Applet or dock app for birthdays/anniversaries wanted
I'm looking for a minimalist application that will display a list of upcoming events (e.g. birthdays, anniversaries, todos) in as compact a fashion as possible so I can park it permanently on my dekstop. I have found a couple of rather old applications that do something like what I'm after but one (wmbday) is a dock application (and I don't have a dock). The other (cstermin) is OK'ish but it's written in perl which is not my preferred language if I want to modify it. Here are some screenshots of the two of them to show the sort of thing I'm after:- http://buzzinhornetz.ath.cx/wmbday/screenshot.php http://cstermin.sourceforge.net/ Can anyone suggest anything more recent which can do the above sort of thing and/or some sort of development framework or libraries that would make writing such a thing easy? Ideally I'd like the data to be in iCalendar format but that's not vital really. -- Chris Green
On Thu, 15 May 2008, Chris G wrote:
I'm looking for a minimalist application that will display a list of upcoming events (e.g. birthdays, anniversaries, todos) in as compact a fashion as possible so I can park it permanently on my dekstop.

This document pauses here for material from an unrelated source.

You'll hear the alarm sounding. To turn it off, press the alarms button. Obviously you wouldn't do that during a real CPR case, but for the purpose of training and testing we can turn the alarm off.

This is command-line, so I'm not sure if it'll meet your definition of `applet or dock app', but I'll say it anyway. I use <http://sourceforge.net/projects/birthday/>. I have it run from my .cshrc, so it appears every time I open a terminal window, and is therefore pretty much `permanently on my desktop'. -- HTH, Dan Hatton <http://www.bib.hatton.btinternet.co.uk/dan/>
On Thu, May 15, 2008 at 01:36:20PM +0100, Dan Hatton wrote:
On Thu, 15 May 2008, Chris G wrote:
I'm looking for a minimalist application that will display a list of upcoming events (e.g. birthdays, anniversaries, todos) in as compact a fashion as possible so I can park it permanently on my dekstop.
This is command-line, so I'm not sure if it'll meet your definition of `applet or dock app', but I'll say it anyway. I use <http://sourceforge.net/projects/birthday/>. I have it run from my .cshrc, so it appears every time I open a terminal window, and is therefore pretty much `permanently on my desktop'.
It could well be what I want, I'd sort of half considered something run in a terminal window. It's very easy to run a (say) 10 line terminal window automatically at start-up and have it 'sticky' (i.e. visible in all desktops). All that's needed then is to run birthday automatically at intervals in the window and I have what I want. Thanks for the pointer. -- Chris Green
participants (2)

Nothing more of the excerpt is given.